After growing by 3% in 2019, Botswana’s economy contracted by an estimated 8.9% in 2020. The most affected sectors are trade, construction, manufacturing, hospitality and services, and transport. Fuel prices and lower demand contributed to a reduction of the annual inflation rate from 2.8% in 2019 to 1.9% in 2020. Real GDP growth is projected to recover to 7.5% in 2021 and 5.5% in 2022, based on the revival of domestic demand that is expected along with the reduction of impacts of the pandemic and slow reopening of global economies.


The moratorium on bank loan payments in Bulgaria has been extended to 23 March 2021, but this does not apply to borrowers of alternative lenders. Currently, the state of emergency is extended until the end of April. Culture and sports venues are allowed to work at 30% capacity. Hospitality venues offer services exclusively in outdoor seating areas until 23:00. Stores with more than 300 m2 can serve customers in the outdoor areas next to the main building. 

In 2020, the Bulgarian economy contracted by 4%. The International Monetary Fund (IMF) forecasts 4.1% growth in 2021 and 3.7% in 2022. 


Colombia hasn’t imposed a moratorium for borrowers during the pandemic.

With new cases, Colombia continues having local curfews. As of 7 April, foreign nationals and Colombian citizens will need a negative PCR test to enter the country by air. Private and public mass gatherings are prohibited, and local authorities are empowered to enforce business and movement-related restrictions in case of new increase in cases.

The country’s GDP has declined by 6.8% in 2020 – only government consumption grew. In 2021, the expected GDP growth is 4.8%. During the pandemic, additional healthcare spending, income support to households, wage subsidies, and extended credit lines have been facilitated by a temporary suspension of the fiscal rule. Public debt is expected to substantially rise, but it will remain manageable under the authorities’ plans which include higher revenues and public spending cuts from 2022 onward.

Czech Republic

As of April 2021, there is no moratorium for borrowers in the Czech Republic.

The state of emergency has been extended until the middle of April. Only essential shops are open and domestic travel restrictions remain in place.

Fundamentals that drove the growth of the Czech economy (domestic demand, exports and related tax revenues) were strongly affected by the pandemic, resulting in the contraction of 5.6% in 2020. The expected GDP growth in 2021 is 4.2%.

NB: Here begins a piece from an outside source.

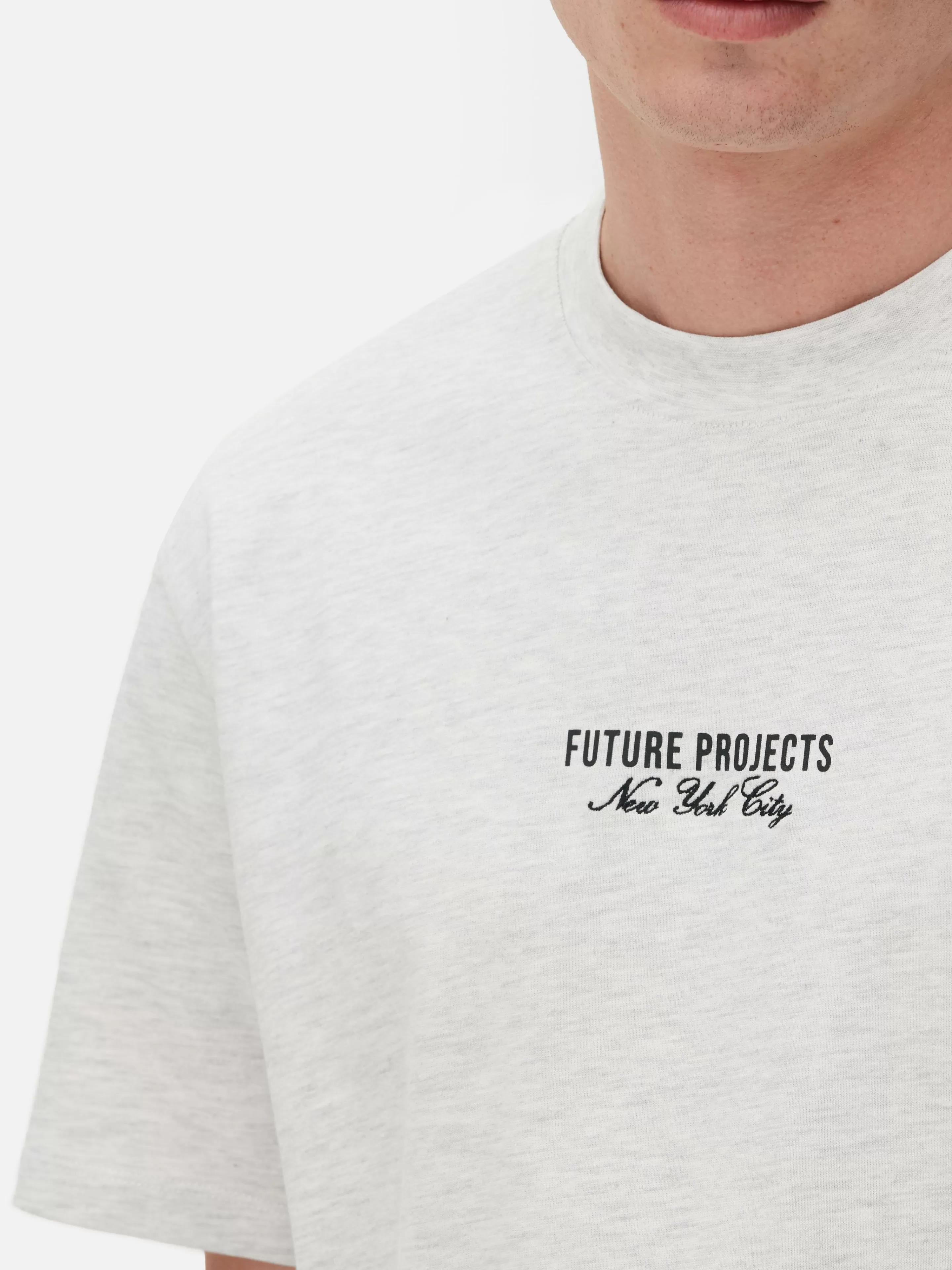 Maglia con Ricamo Grigio Marmorizzato - Progetti Futuri Edizione Limitata | Collezione Primark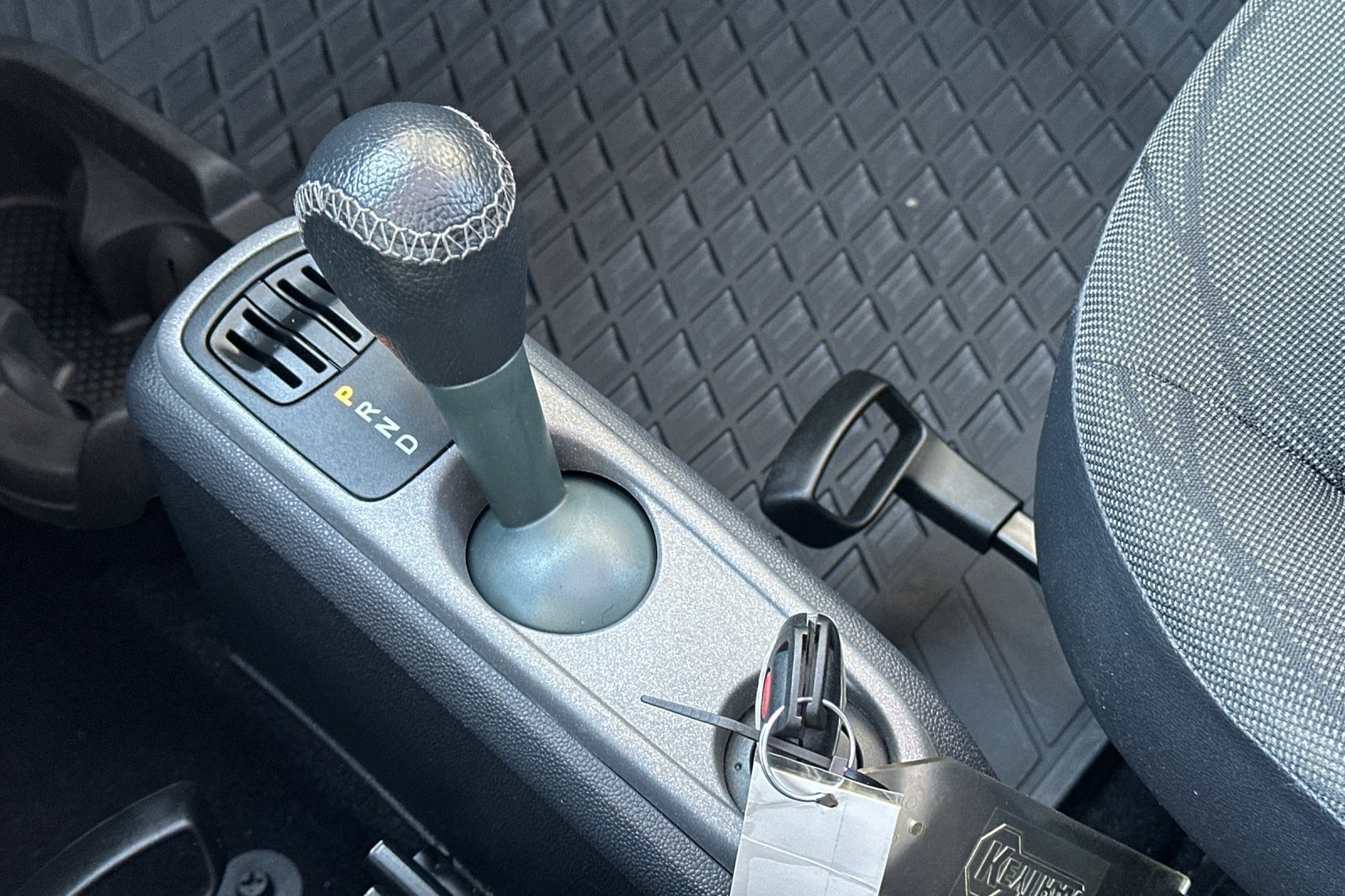 Used 2016 smart fortwo passion image 18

As of April 2021, there is no moratorium for borrowers in Denmark.

Currently, there is no lockdown in the country. From 13 April, shopping malls, department stores, and similar venues with an area of ​​15 000 m2 or less may reopen. This does not apply to cinemas, restaurants, and cafes in such venues. Cultural facilities will be allowed to open from 21 April, and restaurants are allowed to serve their guests in the outside seating areas. From the beginning of May, concert venues, theatres and cinemas will be allowed to open and restaurants will be allowed to serve guests indoors. In May, auxiliary education and all sports facilities will be allowed to reopen.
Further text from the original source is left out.